A title that nearly went by me was Alberta poet Wanda John-Kehewin’s second trade collection, Seven Sacred Truths (Vancouver BC: Talonbooks, 2018), a follow-up to her debut, In The Dog House (Talonbooks, 2013), a title that did actually slip entirely past my attention. Seven Sacred Truths speaks directly to and around colonialism and the effects upon aboriginal life, writing out some dark truths as a way to direct healing, composure and wisdom. There are poems in this collection that rage, that document, and dismantle; others read like prayers, seeking to heal what has long been broken, and fractured, as she writes to open the poem “Creator, Ancestors, Universe”: “Please help Mother Earth who is being ravaged, pillaged, and crucified. / Help the two-leggeds realize the destruction of Mother Earth travels forward.” Part of what makes this collection interesting is in the mix of styles and approaches, from lyric fragments to prayer to prose sections, each moving with different purpose and direction but all with similar goals, that of attempting to acknowledge, respond and finally thrive, despite a personal and cultural legacy of brutality. In an interview conducted by Joanne Arnott that appears on the Talonbooks website, conducted around the time of John-Kehewin’s debut, she responds:

Growing up as a Cree Catholic definitely has influenced the way I write; in as far as I don’t feel a connection to Catholicism. In my writing about it, I think there is a hint of indifference and probably a touch of anger. I think I have to distinguish between the Catholic influences of the past (residential schools, churches on reserves) and contemporary Catholicism. I immersed myself in another culture as a way to unbind myself from what I thought damaged my heritage in the first place. I was a practicing Buddhist and a vegetarian for seven years with the goal in mind to respect all life, which at the time, I didn’t think Catholicism did.

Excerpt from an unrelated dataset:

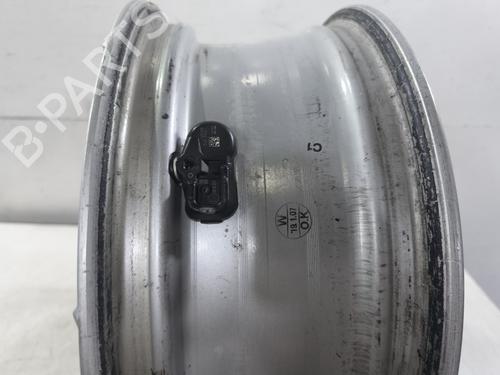 Used Rim Rim 37694427 37694427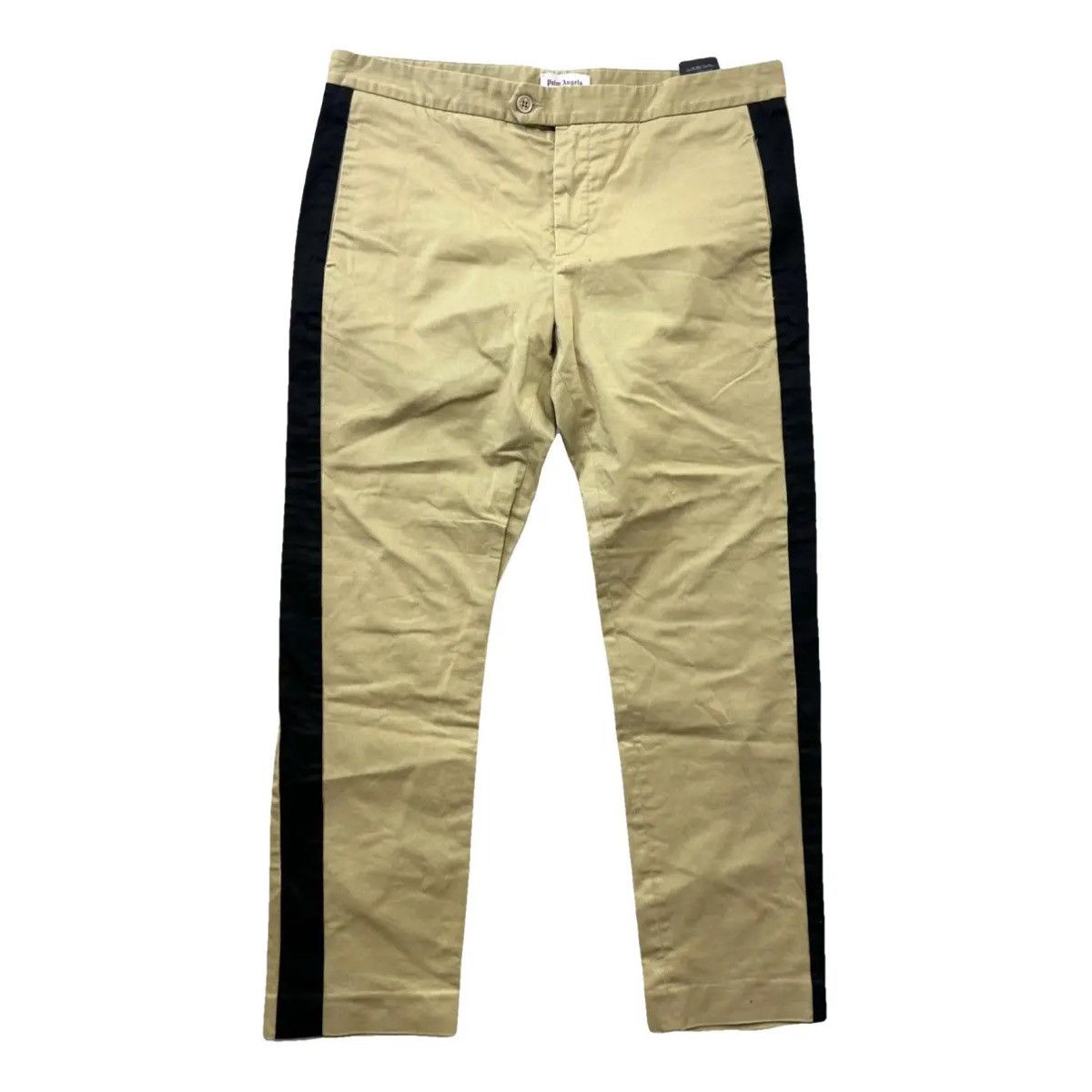 Palm Angels Palm Angels casual pants Size US 30 / EU 46 - 1 Thumbnail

I think it was a necessary road for me to travel to get to the mindset I am at today. I am always open to new learning. I doubt life and spirituality is all cut and dried, as different faiths lead us to believe. If I had to analyze my writing I’d say I was still angry at the church for past injustices. It was easier for me to follow the Buddhist faith as they were more forgiving. I have made peace with Catholicism so to speak.

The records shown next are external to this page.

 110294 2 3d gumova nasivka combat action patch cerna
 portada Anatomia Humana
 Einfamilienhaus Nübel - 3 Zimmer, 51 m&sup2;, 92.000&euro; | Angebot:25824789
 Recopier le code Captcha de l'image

Nowadays, with my feet immersed in to so many different pools of faith, I am more accepting of the different belief systems out there. As long as you aren’t harming anyone then I’d say it was a path meant for you to take.

Writing for me is therapeutic and it’s the only way I can tell how I really feel about a situation. I’m not sure where this comes from, but writing definitely is a big part of healing and processing of information.